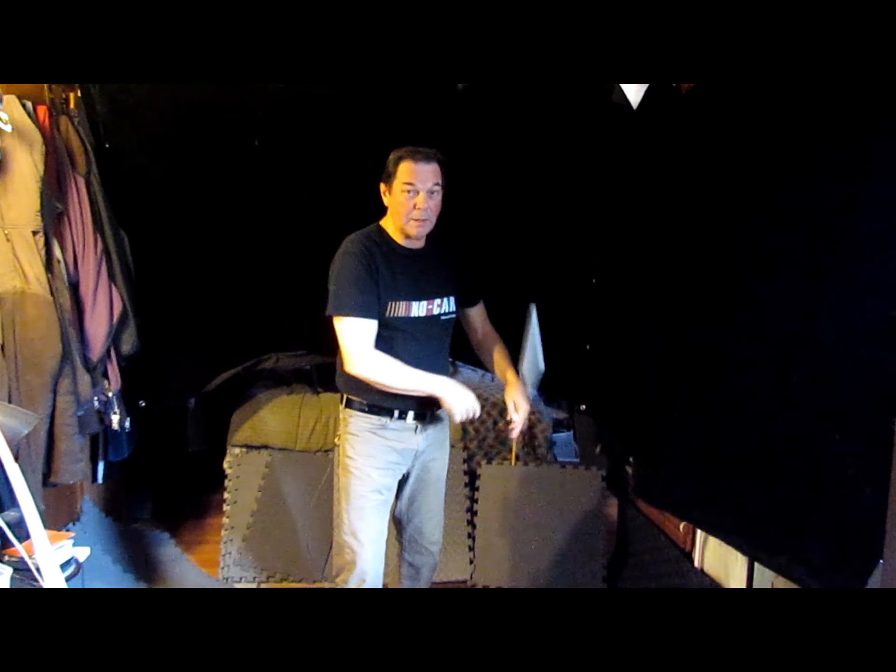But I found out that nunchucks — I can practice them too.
----------------------------------------
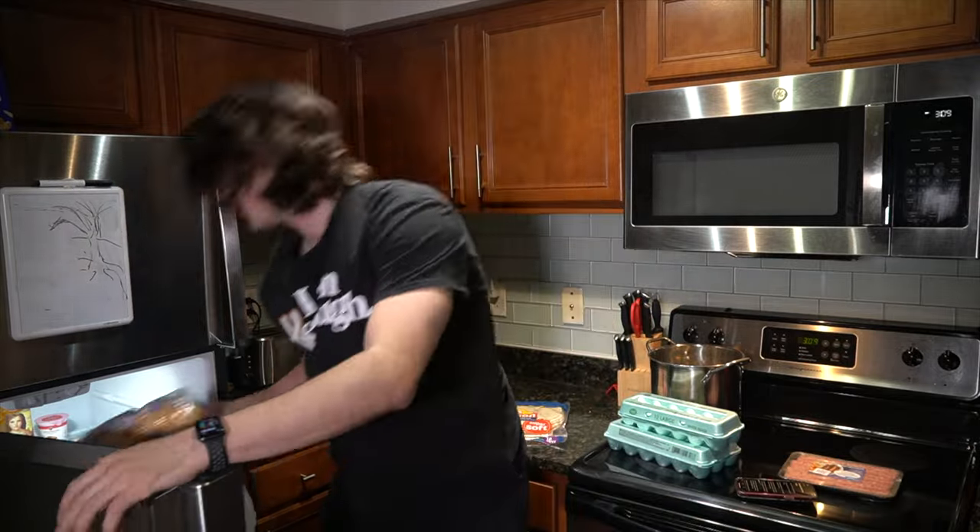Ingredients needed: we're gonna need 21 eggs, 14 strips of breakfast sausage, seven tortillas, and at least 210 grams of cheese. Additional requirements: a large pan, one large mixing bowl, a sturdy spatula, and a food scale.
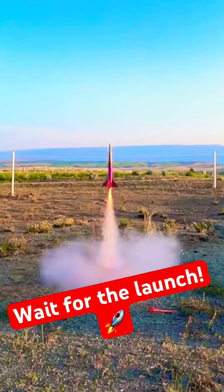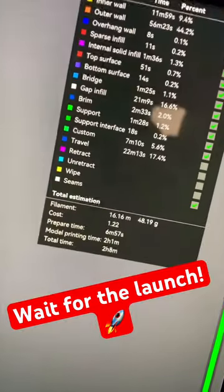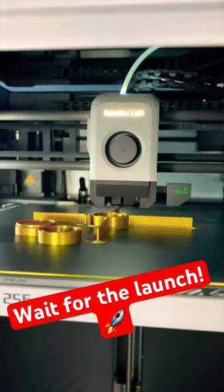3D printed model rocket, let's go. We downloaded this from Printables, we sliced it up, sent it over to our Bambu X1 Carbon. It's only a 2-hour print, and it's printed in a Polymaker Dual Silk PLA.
----------------------------------------
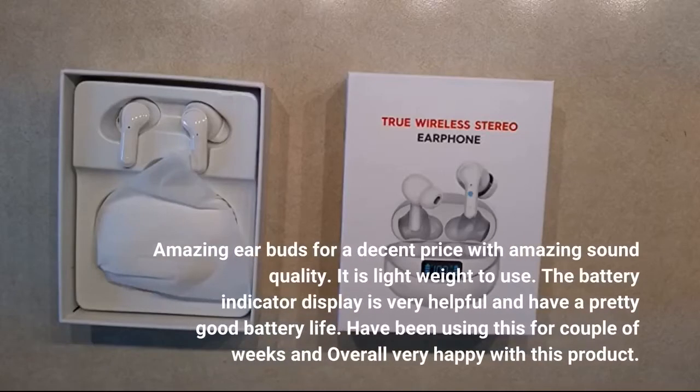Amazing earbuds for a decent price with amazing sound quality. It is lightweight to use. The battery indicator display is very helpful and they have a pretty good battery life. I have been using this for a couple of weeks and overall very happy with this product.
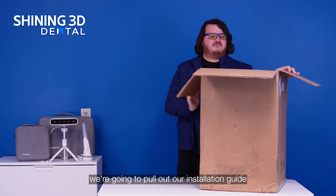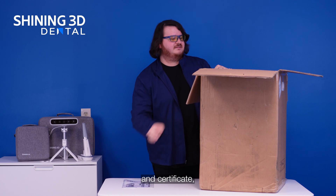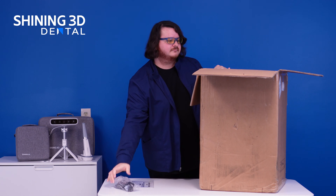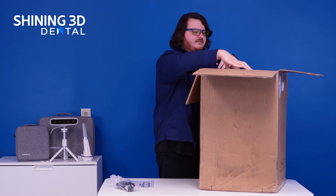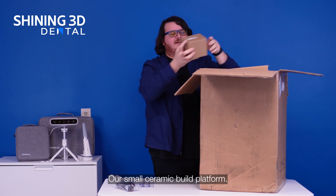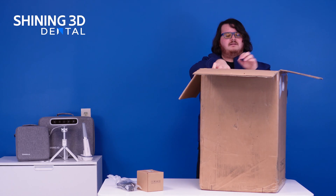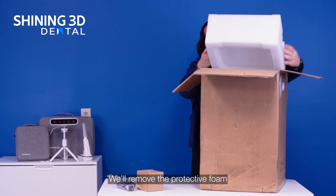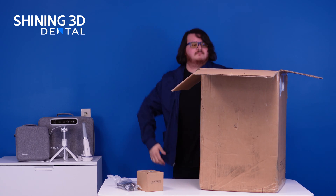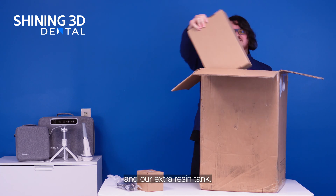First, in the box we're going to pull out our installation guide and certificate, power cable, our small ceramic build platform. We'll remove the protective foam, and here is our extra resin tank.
----------------------------------------
§ **YOUR OBJECTIVE**: In the listing above, find the line with "Amazing earbuds for" and the line with "First, in the". Set down both and every line between them, minus the pictures.

§ **RESPONSE FOR THIS EXERCISE**:
Amazing earbuds for a decent price with amazing sound quality. It is lightweight to use. The battery indicator display is very helpful and they have a pretty good battery life. I have been using this for a couple of weeks and overall very happy with this product.
First, in the box we're going to pull out our installation guide and certificate, power cable, our small ceramic build platform. We'll remove the protective foam, and here is our extra resin tank.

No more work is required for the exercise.